REVEREND MEL (standing outside the cupboard)
Hello? Is anyone there?
(No answer.)
You should be aware that I have called the authorities. They're on their way. With big guns. And the swat team. Also, I phoned Lt. Columbo, Perry Mason and The Equilizer, so you're pretty much screwed.

(The alien gets mad and reaches under the cupboard to grab him. Reverend Mel slices the alien's fingers off.)

REVEREND MEL
Haha! Don't fuck with Jesus!

(Later, the aliens are attacking. Reverend Mel and family have boarded up their house.)

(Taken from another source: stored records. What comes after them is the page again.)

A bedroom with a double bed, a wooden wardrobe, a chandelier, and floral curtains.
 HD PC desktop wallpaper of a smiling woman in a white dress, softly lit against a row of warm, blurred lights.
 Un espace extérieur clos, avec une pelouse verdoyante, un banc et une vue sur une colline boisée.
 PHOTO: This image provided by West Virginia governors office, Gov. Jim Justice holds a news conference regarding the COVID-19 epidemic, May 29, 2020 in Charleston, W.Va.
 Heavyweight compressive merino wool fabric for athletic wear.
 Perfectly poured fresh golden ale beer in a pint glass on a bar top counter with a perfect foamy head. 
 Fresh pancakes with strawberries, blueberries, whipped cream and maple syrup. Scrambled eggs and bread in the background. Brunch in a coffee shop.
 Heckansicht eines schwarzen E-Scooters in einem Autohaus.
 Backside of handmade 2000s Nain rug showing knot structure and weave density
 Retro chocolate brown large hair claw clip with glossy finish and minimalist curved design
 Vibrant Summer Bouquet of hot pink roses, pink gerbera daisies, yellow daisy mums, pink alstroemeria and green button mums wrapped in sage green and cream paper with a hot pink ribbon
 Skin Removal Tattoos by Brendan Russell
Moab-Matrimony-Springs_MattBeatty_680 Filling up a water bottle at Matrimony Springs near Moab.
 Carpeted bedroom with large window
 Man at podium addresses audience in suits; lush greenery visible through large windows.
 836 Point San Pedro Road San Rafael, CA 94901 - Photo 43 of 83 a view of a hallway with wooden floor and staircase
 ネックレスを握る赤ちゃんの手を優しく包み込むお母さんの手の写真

REVEREND MEL (to Joaquin Phoenix)
Quick, brother, into the basement!

JOAQUIN PHOENIX
Why am I your brother? You do realize I'm closer in age to Kid Culkin than I am to you.

REVEREND MEL
No time to discuss asinine casting choices, we're under attack!

(The family survives the attack and are able to fend off the aliens. It turns out water kills them.)

KID CULKIN
Funny how the aliens never had a problem wandering through our dew-covered crop. Also, isn't there like a lot of water vapor in the air like all the time?

JOAQUIN PHOENIX
Shut up. You're Macaulay Culkin's kid brother. No one will ever take you seriously.

THE END

2 Comments:

At 11/14/2006 1:39 PM, Anonymous Anonymous said...

Funny! Hope to see more of your stuff! MW in Houston.

 
At 11/26/2006 11:46 PM, Anonymous Anonymous said...

This is so funny, considering I just saw this at PostSecret: http://photos1.blogger.com/x/blogger/994/593/400/613287/culkin.jpg

At least someone thinks he's scary. LOL

I love your site, thank you for making me laugh!